The weather analogy is poor. The fact is... high speed computers have improved long term weather forecasting. If you want to go back to looking out your window in the morning to see what the weather is going to do for the next 5 days, fine. I would rather rely on the computers' prediction, as uncertain as that might be.

Let's face it, the progressive taxation algorithm is pretty well cut and dried, the laws of compound interest and inflation, the rules governing CPP/OAS, pension... likewise. Why not use this pretty trivial math and build a forecast? Run it several times (hi/lo/med) or montecarlo the rates. It is much preferable than the 'dartboard' approach of PSR or 4% withdrawal rate.

Plus, if you don't incorporate these details in your plan, how in heck are you going to make determinations such as RRSP vs TFSA, should I pay down my mortgage or invest in my RRSP, or if I quit work 5 years early, how much will my retirement ATI be affected? You simply can't make these determinations unless your model contains all the details on taxes, clawbacks, etc.
Are you trying to predict your incomes when you are doing taxes? I hope not. None of the things you put on T1s are variables. They are constants. Try file taxes for the next 10 years based on your best guesses and see how CRA would like you.

5 days is not long term. Try 50 days and see how accurate it would be. How about 5 years?

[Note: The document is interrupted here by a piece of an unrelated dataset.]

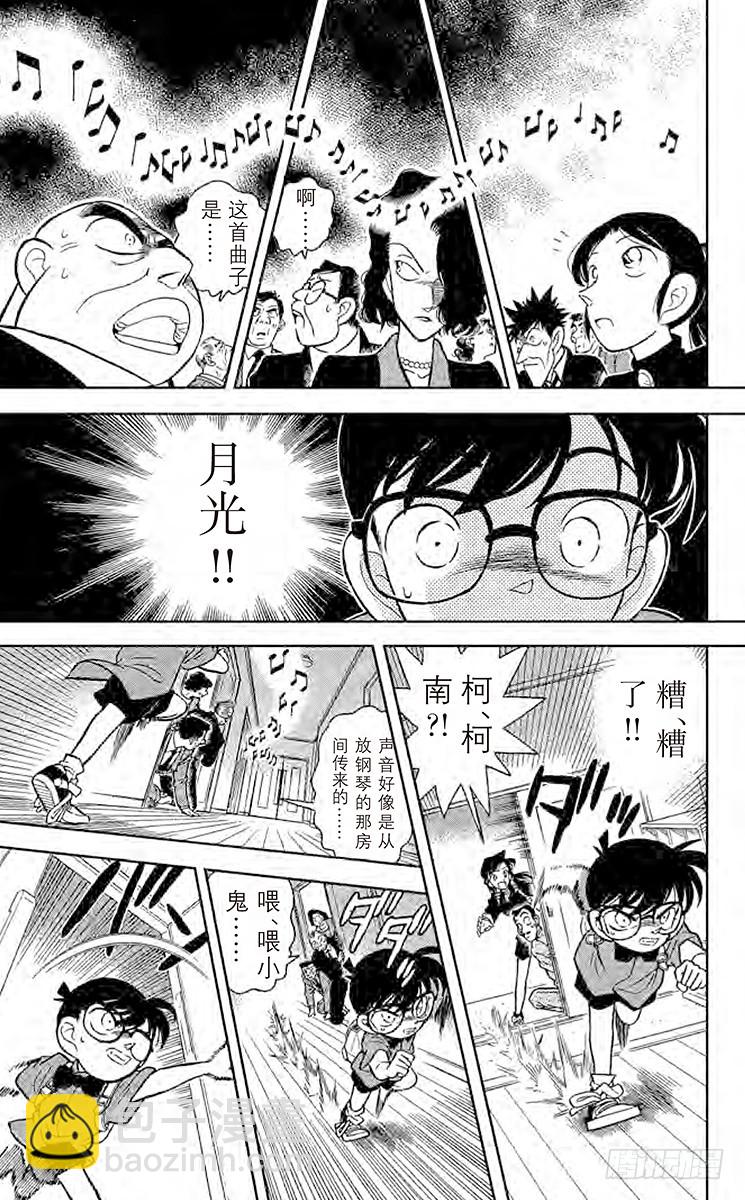 🍟名侦探柯南 FILE.2 月影岛的邀请函 第17页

None of the things you listed (taxes, CPP, clawbacks etc...) are variables. True, they might change, but more likely they will stay the same. Variables are things like short term investment returns and inheritance and when your parents will die. They are impossible to predict, thus there's no point guessing. Give me one single example how you would have acted differently if you expect your parents to die in 20xx and would leave you $x. I certainly wouldn't bet anything on that. It's fine if the weather forecast is wrong. I would get a bit wet. It wouldn't be fine if I suddenly realized that my parents wouldn't leave me anything and wished I had saved that extra $20,000 20 years ago.